Weekly Forex Update
The central bank of China cut its key interest rate by 0.25% to 4.60%, the fifth cut since November last year, which led to a stabilization in equity and commodity markets across the globe.
The greenback was mostly higher against its major counterparts in the past week, after the US economy grew faster than initially estimated in the second quarter of 2015. Separately, consumer confidence in the US rose to its highest level since January in this month, reflecting optimism in the US economy, after a steep fall in July. Additionally, data revealed that durable-goods orders in July experienced its biggest gain in 13 months, while the initial jobless claims dropped for the past week, its first decline in 5 weeks. The Chicago Fed National Activity Index swung into positive territory, climbing to 0.34 in July, its best reading so far in this year, from a downwardly revised level of -0.07 in the past month. Even though US services sector growth slowed in August, its reading of 55.2 still hold near the average of the past six years.

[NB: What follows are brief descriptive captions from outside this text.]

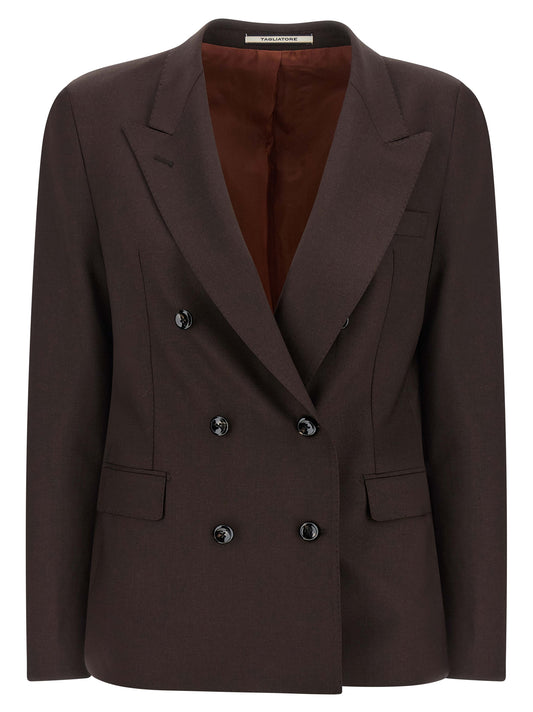 Blazer Tagliatore en laine vierge marron
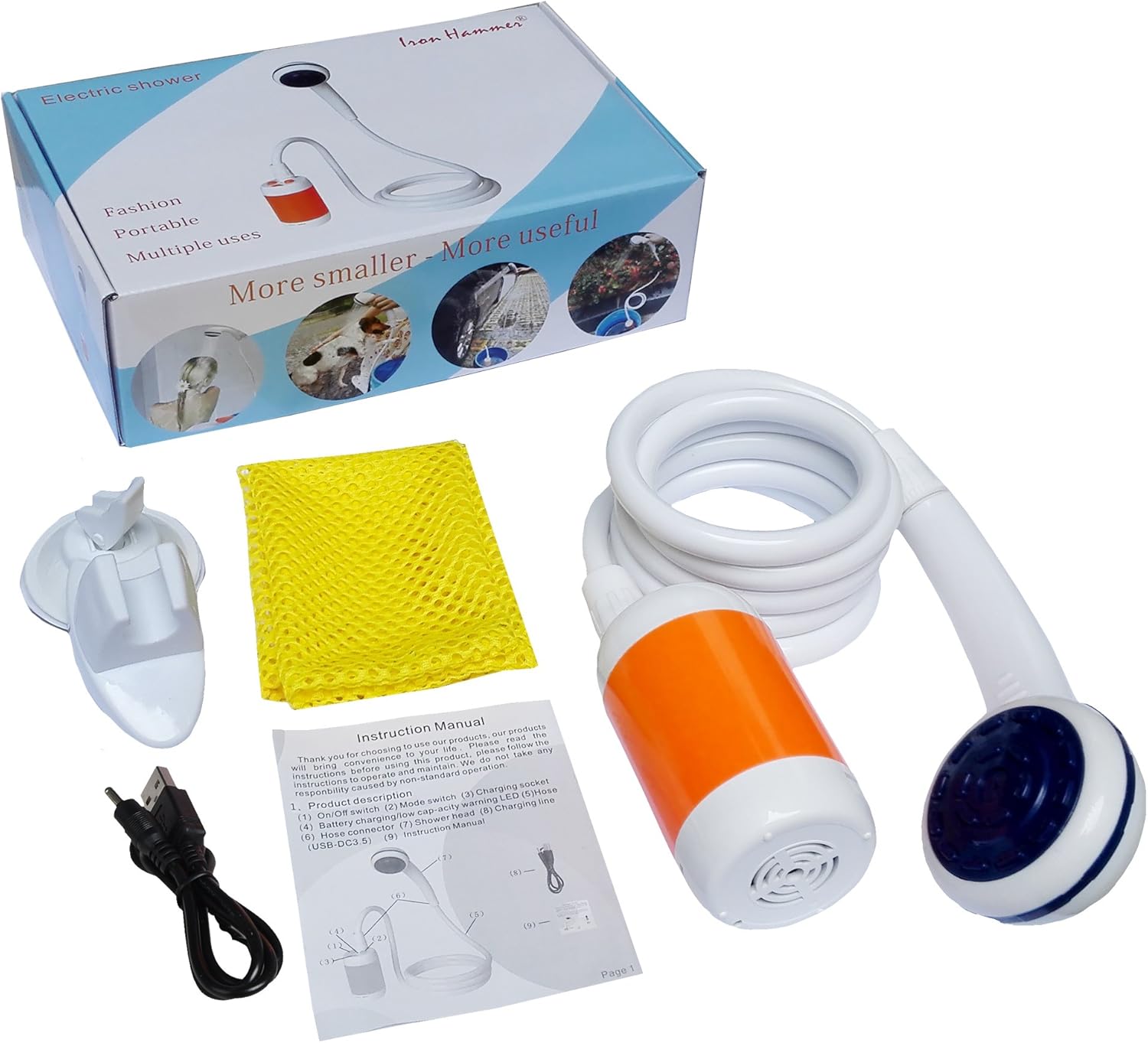 Iron Hammer Portable Shower Camp Shower Rechargeable Shower high Capacity 4800mAh Camping Shower pet Shower Model:ES01 : Sports & Outdoors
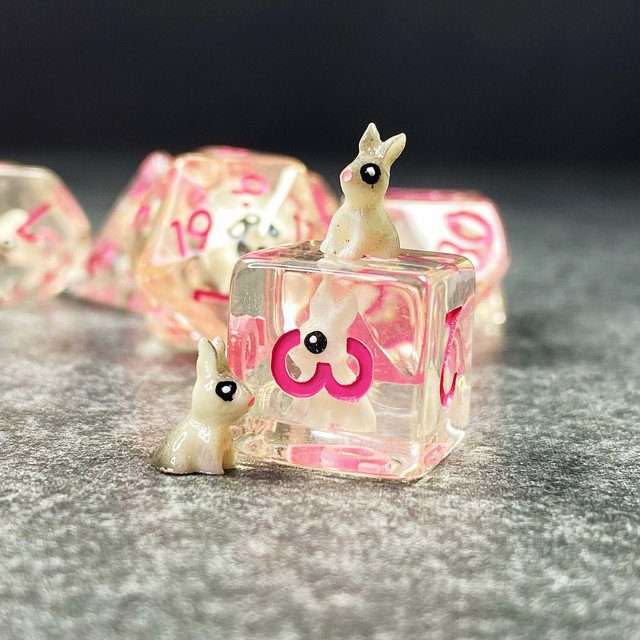 Sage's Familiars- Bunny Familiar Resin Pink Polyhedral Dice Set image 16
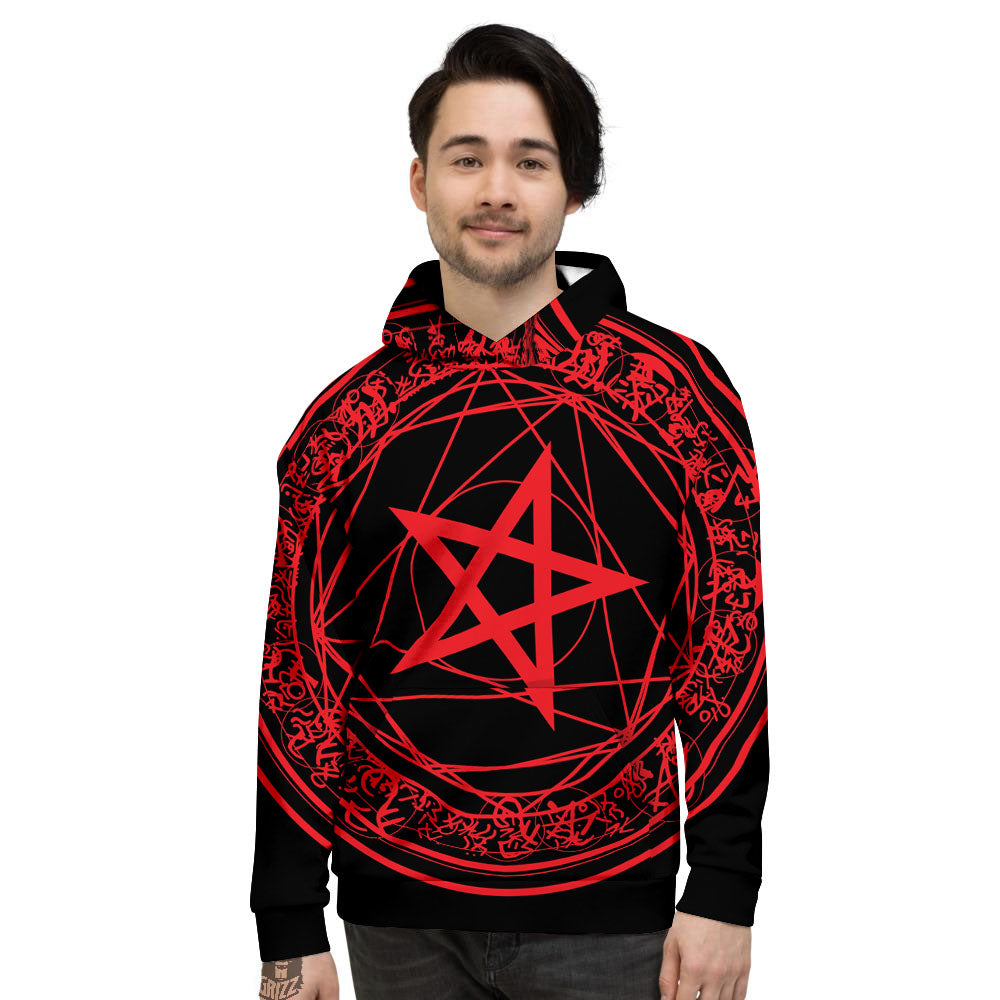 Satanic Pentagram Red And Black Print Men's Hoodie-grizzshop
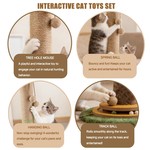 Topika Cat Scratching Tree 114cm Tall, Sisal Scratcher with Toys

New home sales rose slightly lesser than expected in July, albeit registering a 21% YoY rise. According to the S&P/Case-Shiller, the 20-city home price index rose 5% YoY in June, but fell short of consensus forecasts. FHFA’s seasonally adjusted house prices index for June was up 0.2% from May. On the other hand, Richmond Fed Manufacturing collapsed to lowest reading since May 2006, after a 3-month bounce, in August.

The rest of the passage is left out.